Execution of Communication Operations

Communication operations are executed by CCL worker threads (workers). The number of workers is controlled by the CCL_WORKER_COUNT environment variable.

Workers affinity is controlled by CCL_WORKER_AFFINITY.

By setting workers affinity you can specify which CPU cores are used by CCL workers. The general rule of thumb is to use different CPU cores for compute (e.g. by specifying KMP_AFFINITY) and for CCL communication.

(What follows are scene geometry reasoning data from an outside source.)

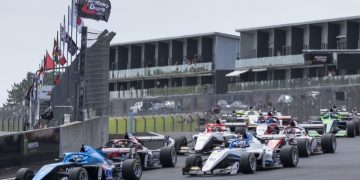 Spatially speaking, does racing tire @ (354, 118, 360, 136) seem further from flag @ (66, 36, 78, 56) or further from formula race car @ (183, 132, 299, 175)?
formula race car @ (183, 132, 299, 175)

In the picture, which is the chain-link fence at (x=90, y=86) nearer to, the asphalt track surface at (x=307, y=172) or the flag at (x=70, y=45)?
the asphalt track surface at (x=307, y=172)

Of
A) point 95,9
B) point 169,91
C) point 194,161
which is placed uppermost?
point 95,9

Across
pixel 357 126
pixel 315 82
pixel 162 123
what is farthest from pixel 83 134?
pixel 315 82

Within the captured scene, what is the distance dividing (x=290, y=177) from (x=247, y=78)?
65.9 m

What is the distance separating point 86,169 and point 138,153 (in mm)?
4752

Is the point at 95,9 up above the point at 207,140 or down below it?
above

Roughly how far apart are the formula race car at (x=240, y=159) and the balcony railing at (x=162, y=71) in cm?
6447

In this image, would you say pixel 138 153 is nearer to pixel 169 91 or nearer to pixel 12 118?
pixel 12 118

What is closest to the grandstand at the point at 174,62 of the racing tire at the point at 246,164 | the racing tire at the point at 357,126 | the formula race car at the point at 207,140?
the racing tire at the point at 357,126

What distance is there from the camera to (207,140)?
3259 cm

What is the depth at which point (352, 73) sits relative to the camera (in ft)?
243

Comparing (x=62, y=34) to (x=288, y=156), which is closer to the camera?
(x=288, y=156)

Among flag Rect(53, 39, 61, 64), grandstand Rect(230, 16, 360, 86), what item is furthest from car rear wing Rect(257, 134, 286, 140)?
grandstand Rect(230, 16, 360, 86)

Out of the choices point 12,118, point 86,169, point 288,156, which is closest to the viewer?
point 86,169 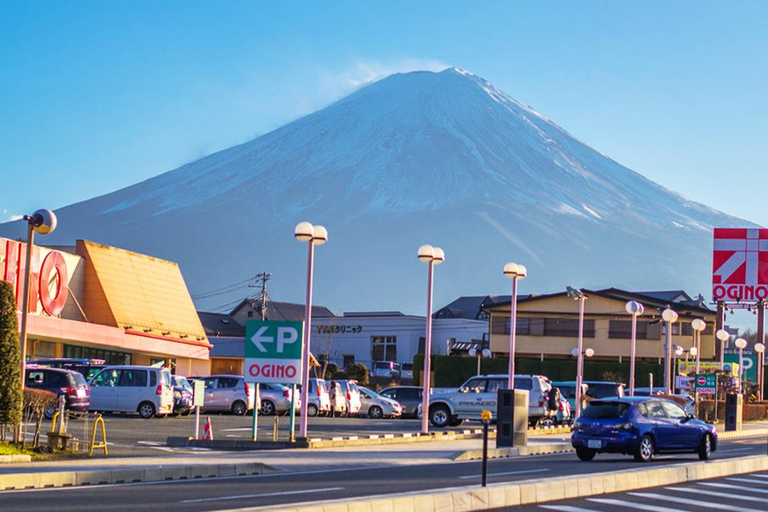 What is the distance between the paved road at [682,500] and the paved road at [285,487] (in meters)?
2.02

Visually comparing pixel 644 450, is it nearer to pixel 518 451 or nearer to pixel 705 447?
pixel 705 447

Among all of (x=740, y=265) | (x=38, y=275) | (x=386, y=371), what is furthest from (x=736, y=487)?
(x=386, y=371)

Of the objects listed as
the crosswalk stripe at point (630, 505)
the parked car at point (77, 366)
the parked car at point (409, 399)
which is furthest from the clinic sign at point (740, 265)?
the crosswalk stripe at point (630, 505)

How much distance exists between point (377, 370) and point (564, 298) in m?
14.2

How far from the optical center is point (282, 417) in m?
39.1

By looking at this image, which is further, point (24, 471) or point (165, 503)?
point (24, 471)

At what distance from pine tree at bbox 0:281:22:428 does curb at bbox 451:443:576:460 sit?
860 cm

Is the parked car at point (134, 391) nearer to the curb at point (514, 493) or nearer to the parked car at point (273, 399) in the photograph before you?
the parked car at point (273, 399)

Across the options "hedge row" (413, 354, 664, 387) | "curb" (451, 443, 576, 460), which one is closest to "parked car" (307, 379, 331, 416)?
"curb" (451, 443, 576, 460)

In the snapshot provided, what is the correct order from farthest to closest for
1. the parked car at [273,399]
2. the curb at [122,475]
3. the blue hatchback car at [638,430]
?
the parked car at [273,399], the blue hatchback car at [638,430], the curb at [122,475]

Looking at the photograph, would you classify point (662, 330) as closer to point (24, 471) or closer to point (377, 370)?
point (377, 370)

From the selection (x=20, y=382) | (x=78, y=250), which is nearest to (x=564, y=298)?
(x=78, y=250)

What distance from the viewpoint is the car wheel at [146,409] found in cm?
3378

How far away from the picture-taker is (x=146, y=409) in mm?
33812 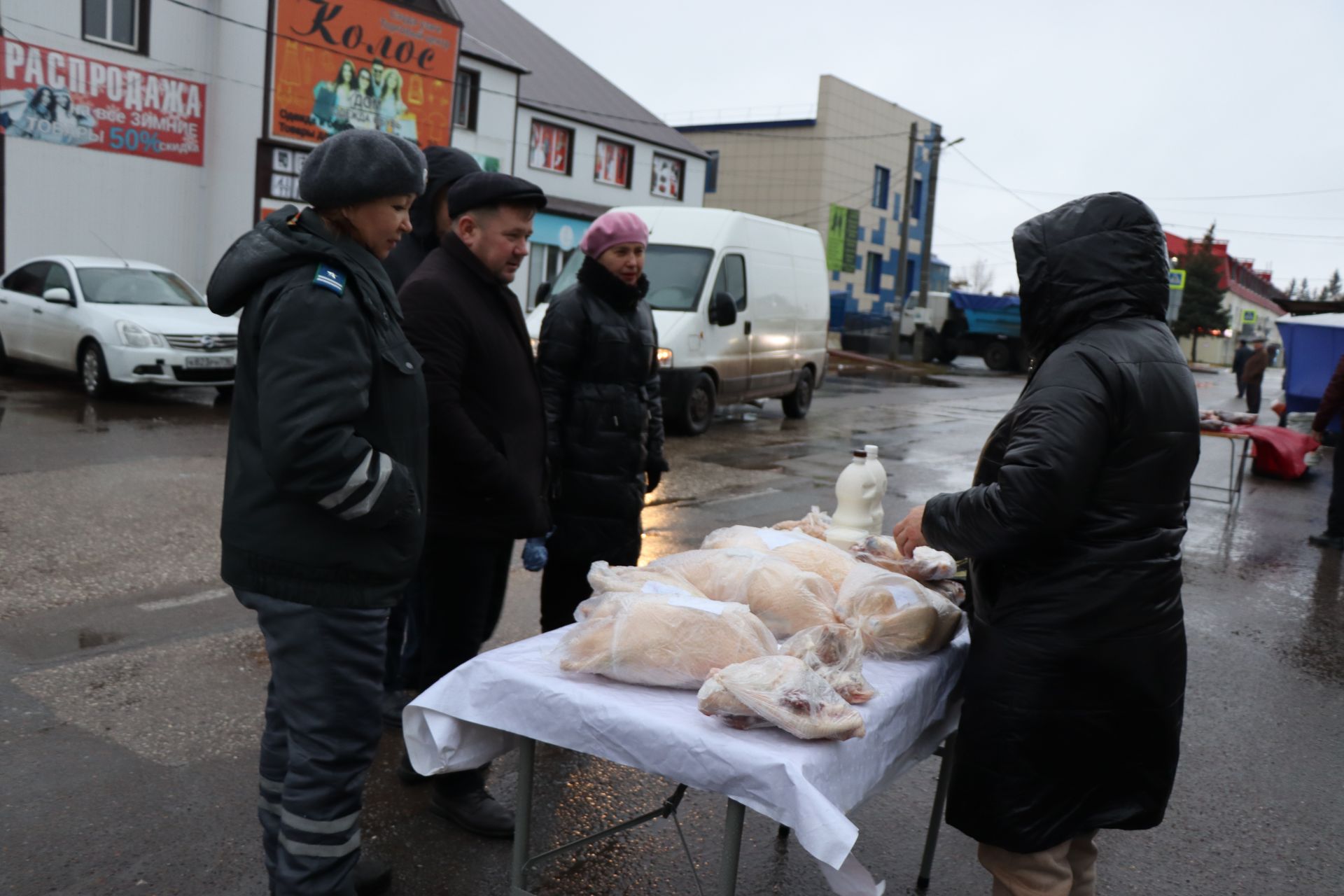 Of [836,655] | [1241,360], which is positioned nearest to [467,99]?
[1241,360]

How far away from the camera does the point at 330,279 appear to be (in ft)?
7.34

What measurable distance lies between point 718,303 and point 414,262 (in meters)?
8.34

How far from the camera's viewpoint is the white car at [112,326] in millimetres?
11875

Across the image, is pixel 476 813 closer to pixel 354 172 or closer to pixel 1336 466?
pixel 354 172

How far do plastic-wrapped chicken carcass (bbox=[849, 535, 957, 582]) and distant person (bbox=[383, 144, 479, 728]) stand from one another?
145 cm

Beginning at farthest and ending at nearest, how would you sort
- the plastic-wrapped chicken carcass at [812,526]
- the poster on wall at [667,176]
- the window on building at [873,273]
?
the window on building at [873,273] → the poster on wall at [667,176] → the plastic-wrapped chicken carcass at [812,526]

There are two ways to set workers affinity: automatic and explicit.

Automatic setup

To set affinity automatically, set CCL_WORKER_AFFINITY to auto.

Example

In the example below, oneCCL creates four workers per process and pins them to the last four cores available for the process (available if mpirun launcher from oneCCL package is used, the exact IDs of CPU cores depend on the parameters passed to mpirun) or to the last four cores on the node.

export CCL_WORKER_COUNT=4
export CCL_WORKER_AFFINITY=auto

Explicit setup

To set affinity explicitly for all local workers, pass ID of the cores to the CCL_WORKER_AFFINITY environment variable.

Example

In the example below, oneCCL creates 4 workers per process and pins them to cores with numbers 3, 4, 5, and 6, respectively:

export CCL_WORKER_COUNT=4
export CCL_WORKER_AFFINITY=3,4,5,6